The stock market continues to rise although at a lower rate than 2014.  At some time in the near future we will see a correction. This is a much needed event as we have not seen a correction in quite a few years.  For those who are invested long term we use these events as an opportunity to pick up bargains.

EIULs continue to perform as structured.  As a group sales of EIULs broke a record and have attracted the attention as a threat to whole life companies as well as mutual fund/stock companies.  New rules will come down that will severely limit the ability to illustrate these policies at anything close to real world experience.  This won’t stop the attraction of EIULs to folks looking to secure their financial future.

The price of oil made a move up this quarter, but has since stalled.  World oil production continues to be a record levels while demand has seen some growth.  China demand for oil up 9% with 6% the result of transportation [SUV sales up 50%].  India up strongly too.  US demand up with strong increase in miles driven and sales of SUVs up.  Even some positive movement in Europe.  Russia and Latin America lag in demand for oil.  Saudi Arabia sees increase in internal use.

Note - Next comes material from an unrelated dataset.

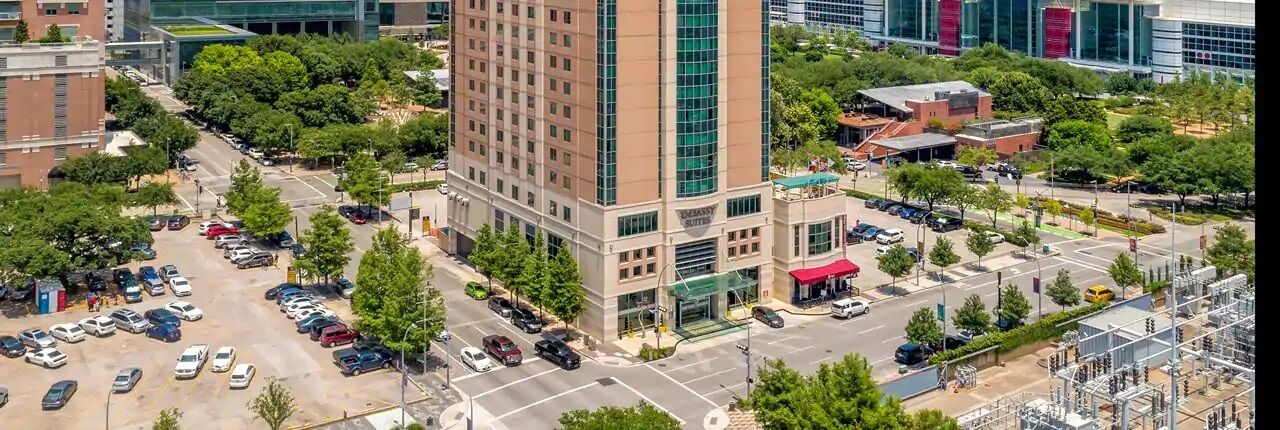 Embassy Suites Houston - Downtown Екстериор снимка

North American tight oil [which I don’t invest in], has seen falling production since the first of the year.  This should really take affect in the second half of 2015 reversing the current world wide overproduction of oil.

My energy stocks moved up, but are significantly in the red.  Despite this, I remain confident in their ability to get back in the black over the next 24 months.

Berkshire Hathaway off its highs but continues to do well in this environment.  It produces a huge amount of cash flow each day.

Real Estate rents remain strong in the US.  Prices continue to increase as bankruptcies and foreclosures decrease. Real Estate remains a great place to invest.

The overall dividend environment for blue chip companies is positive as dividends continue to move upward.

If you had followed the strategy [ies] that I advise you would be in great shape for whatever happens next.

1. EIUL [protected against market downdrafts and taxes]

2. Investment Real Estate [rents continue to increase]

3. Dividend producing Blue Chip Stocks [dividends continue to increase]

4. Annuities [for guaranteed life long retirement income]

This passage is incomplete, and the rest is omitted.